My name is Mustafah, and I’m an American photographer working on a project about Water around the world. For the last six years, I’ve lived in Berlin, which serves as my base as I slowly build this fifteen-year body of work. My early background in photography was photojournalism, which I’ve now departed – and moved into something of a blend between conceptual photography and the documentary tradition.
Tell us a little bit about your photography journey and what motivates you.
I discovered photography at a bookstore, through the work of Richard Avedon’s magnum opus, In The American West. This experience left a profound impact on me; it led me to other books, hobbies in other disciplines, and interest in others’ lives. What photography symbolized was more than imagery. It was a way to reckon my own insecurities and questions about the world. It offered no guarantees but promised perpetual evolution. To this day, my personal feelings and creative process in photography are heavily defined by this sense of change and growth. A large part of my current work is, in fact, almost a direct extension of this idea.
Your Special project, ‘Water”, ‘ focuses on a very disturbing issue – from Kanpur, India’s poisoned marigold fields to Sao Paulo, Brazil, where just two polluted rivers provide Water for 21 million people. Since 2011, you have traveled the world, highlighting the impact of the global water crisis. Please tell us more about this series of work; what drew you to document this subject?
There’s an inherent problem in the way in which people discuss the environmental crisis and visualize it for the public. Even the term “global water crisis” implies a certain concept that is at odds with the way we actually exist within the natural order, just as the word “drought” implies an end to a condition. What is more critical—and what made me conceive of the overarching nature and concept for visualizing it— came from this idea that words and images were failing us. I felt there needed to be something ambitious done. A photographic telling of epic proportions would flow towards new ideas and concepts, building itself until a new way of discussing the topic. This would place Water at the topical center and Mankind in its orbit. It would also take time, and what I now know, after 6 years of working on it, ambitious scope wherein the work’s true nature is slowly revealed as it is created.

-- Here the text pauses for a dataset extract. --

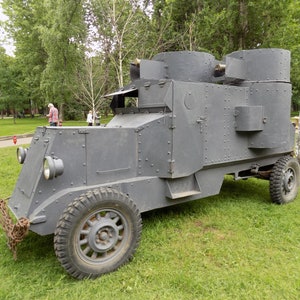 May include: A grey armoured car with a large, boxy body and a chain hanging from the front. The car has a large, open top and a small, open door on the side. The car is sitting on a grassy field.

How many countries are in the project? How did you choose what areas of these regions to document?
Currently, there is something like 12 countries in the work. The ultimate goal of the work will include somewhere between 30-40 countries. These are simply the places where the topics and themes are found, but this really belies an important idea that readers should appreciate: Water is not limited to the borders we create. Where one issue or crisis occurs, so does it continue on. A river may flow into our neighbor’s lands, and that which we do in one place may affect us all. It’s very important to me, particularly in interviews where I can slightly control the narrative, to impress upon viewers a more challenging viewpoint from which to see this subject.
Tell us about the countries you were most attached by.
Rather, I would like to talk about the countries in which exhibited striking behavioral trends touched on larger themes of existence and importance towards human beings. During the course of creating a work like this, there is a risk of the photographer or creator becoming too much of the story. My personal attachments matter to my process, but they are also that: personal. What I did notice, and that I think is valuable for anyone to hear, at risk of redundancy and preaching to the choir, is that we are one family. Our behavior with Water and the natural world defines and reveals the ways in which human beings see their place on Earth. Through this prism, one can see the refraction of our excesses and disconnections with our own history and evolution. We live in irrational ways, regardless of the countries I visit, and this observation forms a fundamental concept of the work.